Haben wir in der Liebe wirklich einen bestimmten „Typ“?

Ein kanadisches Forschungsteam hat nun nachgewiesen, dass wir in der Liebe tatsächlich immer wieder mit einem ähnlichen Typ Mensch anbandeln.

Beziehung

„Ach, sowas wie einen bestimmten Typ habe ich gar nicht“, behaupten wir gerne von uns selbst. „Absoluter Blödsinn!“, entgegnen jetzt kanadische ForscherInnen. Sie wollen herausgefunden haben, dass wir bei der Partnerwahl tatsächlich Wiederholungstäter sind und dazu tendieren, immer wieder den gleichen Typ Mensch zu wählen.

Partnerwahl nach Persönlichkeitstyp

Ob wir in der Liebe wirklich einen bestimmten „Typ“ haben bzw. wodurch sich dieser auszeichnet, ist zwar wissenschaftlich noch nicht final geklärt, aber eine aktuelle Studie gibt zumindest neue Hinweise: SozialpsychologInnen der University of Toronto konnten nun erstmals nachweisen, dass wir bei der Partnersuche tatsächlich immer wieder beim gleichen Persönlichkeitstyp landen.

Bei Menschen, die sich nach einer gescheiterten Beziehung schwören, „bestimmt nie wieder auf so einen Typen reinzufallen“, kann Studienleiter Yoobin Park also nur müde schmunzeln: „Wenn eine Beziehung endet, führen Menschen die Trennung häufig auf die Persönlichkeit ihres Ex-Partners zurück und sind überzeugt, dass sie sich nun in eine andere Art Mensch verlieben sollten. Unsere Forschung legt aber nahe, dass es eine starke Tendenz gibt, dennoch mit einem ähnlichen Persönlichkeitstyp auszugehen“, so der Doktorand am Institut für Psychologie der Universität von Toronto.

Gleich und gleich gesellt sich gern?

In der Studie, die im Fachjournal Proceedings of the National Academy of Sciences veröffentlicht wurde, konnte auch festgestellt werden, dass wir eher eine Beziehung mit PartnerInnen eingehen, die uns ähnlich sind - vor allem aber wählen wir jene Menschen, die unserer/m Ex-PartnerIn ähnlich sind.
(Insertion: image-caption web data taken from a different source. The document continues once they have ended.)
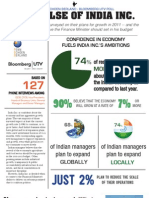 India Economy Growth  Survey 2011-1012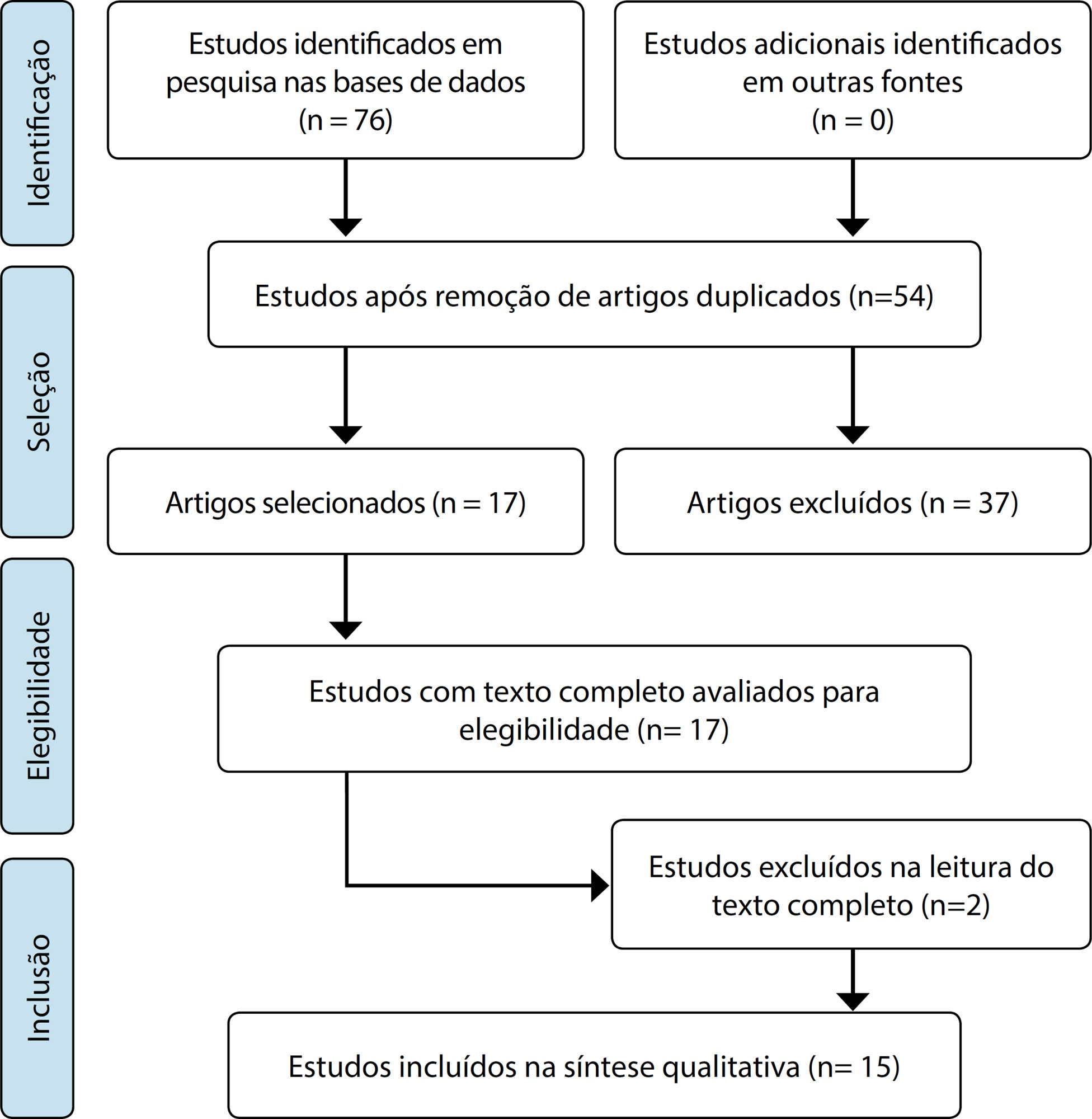 Transmissão vertical e COVID-19: revisão de escopo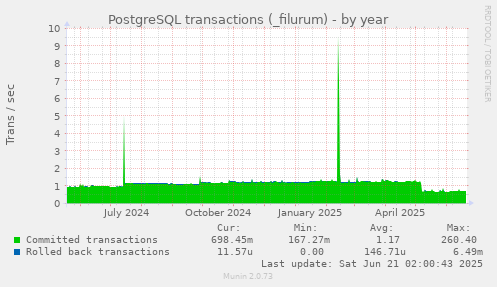 PostgreSQL transactions (_filurum)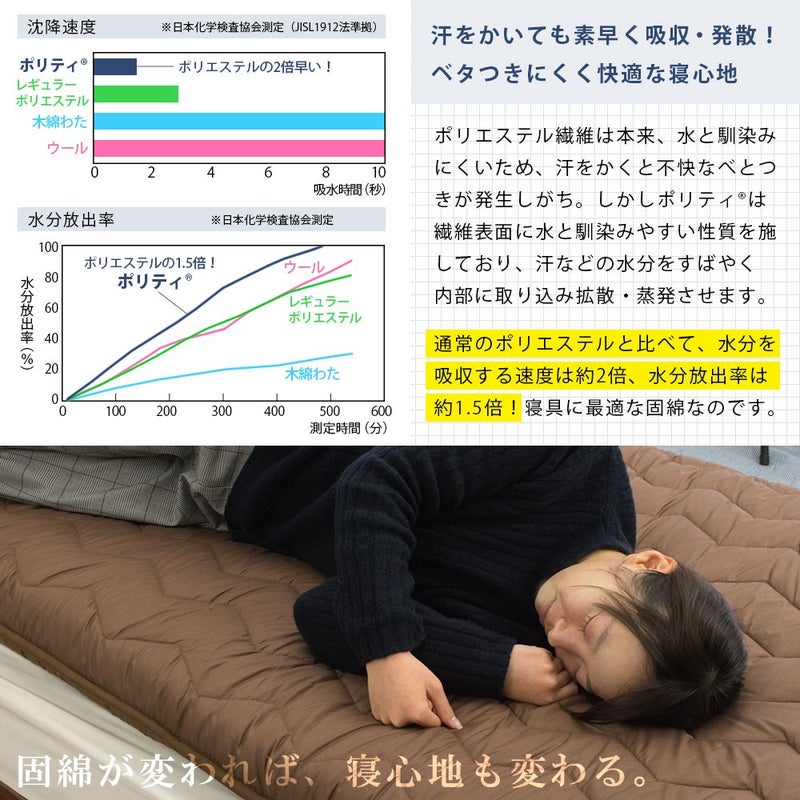 FUKATTO イナズマ改 極厚四層敷き布団 セミダブル 商品画像10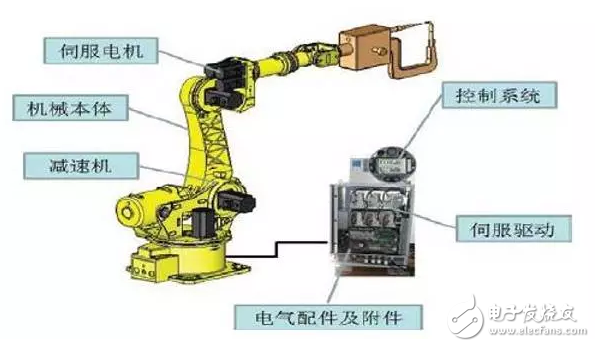 工業(yè)機(jī)器人核心部件技術(shù)指標(biāo)國(guó)內(nèi)外對(duì)比
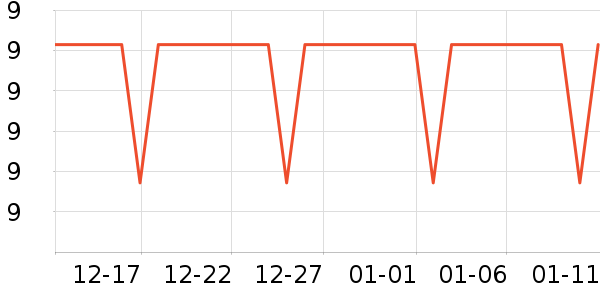 ������ʷ�۸�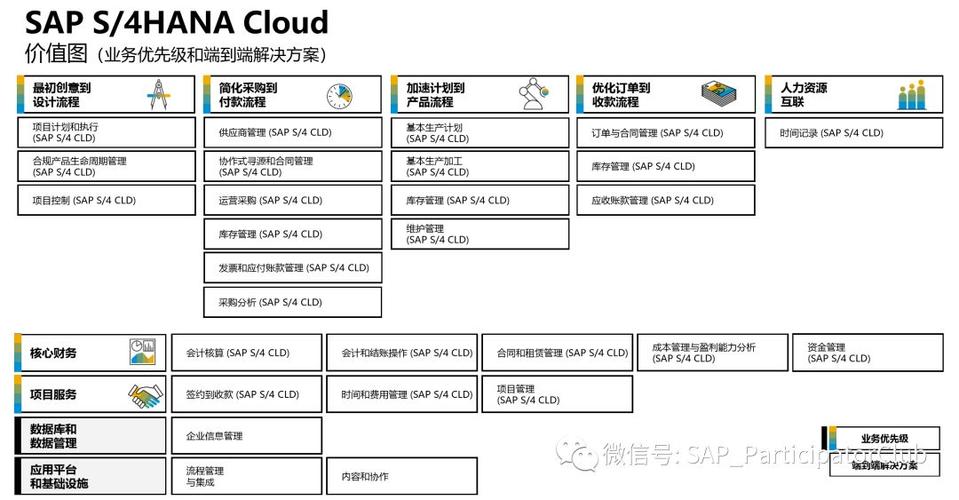 程序开发软件_华为云上提供哪些不同的SAP HANA产品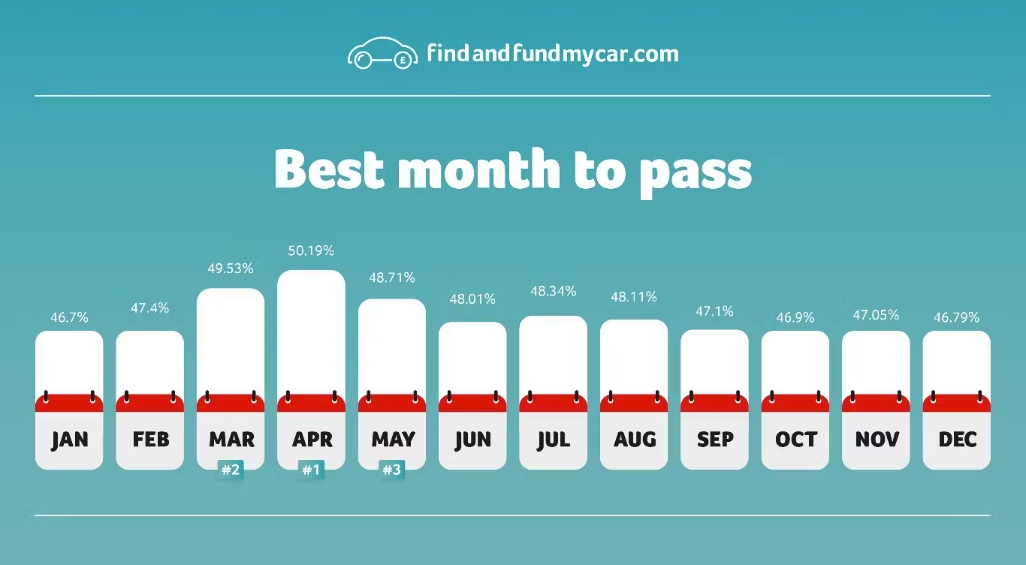 Driving Test: When is the best month to book your driving test?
Ebendas konnte festgestellt werden, indem das Forschungsteam die Daten aus einer mehrjährigen Studie über Paare und Familien verschiedener Altersgruppen analysierten. Insgesamt sollten 332 StudienteilnehmerInnen ihre eigenen Persönlichkeitsmerkmale in Bezug auf Liebenswürdigkeit, Gewissenhaftigkeit, Weltoffenheit, Extrovertiertheit und Neigung zu emotionaler Labilität bewerten. Aktuelle und frühere PartnerInnen der ProbandInnen taten dasselbe. So zeigte sich, dass es bei Persönlichkeitsmerkmalen der Ex-PartnerInnen eine signifikante Übereinstimmung gab. Dieses Fazit ist deshalb so aussagekräftig, weil man die Ex-PartnerInnen der ProbandInnen gesondert untersuchte: „Wir haben uns nicht nur darauf verlassen, dass eine Person sich an die Persönlichkeit ihrer ehemaligen Partner erinnert“, erklärt Park, wodurch das Ergebnis umso aussagekräftiger sei.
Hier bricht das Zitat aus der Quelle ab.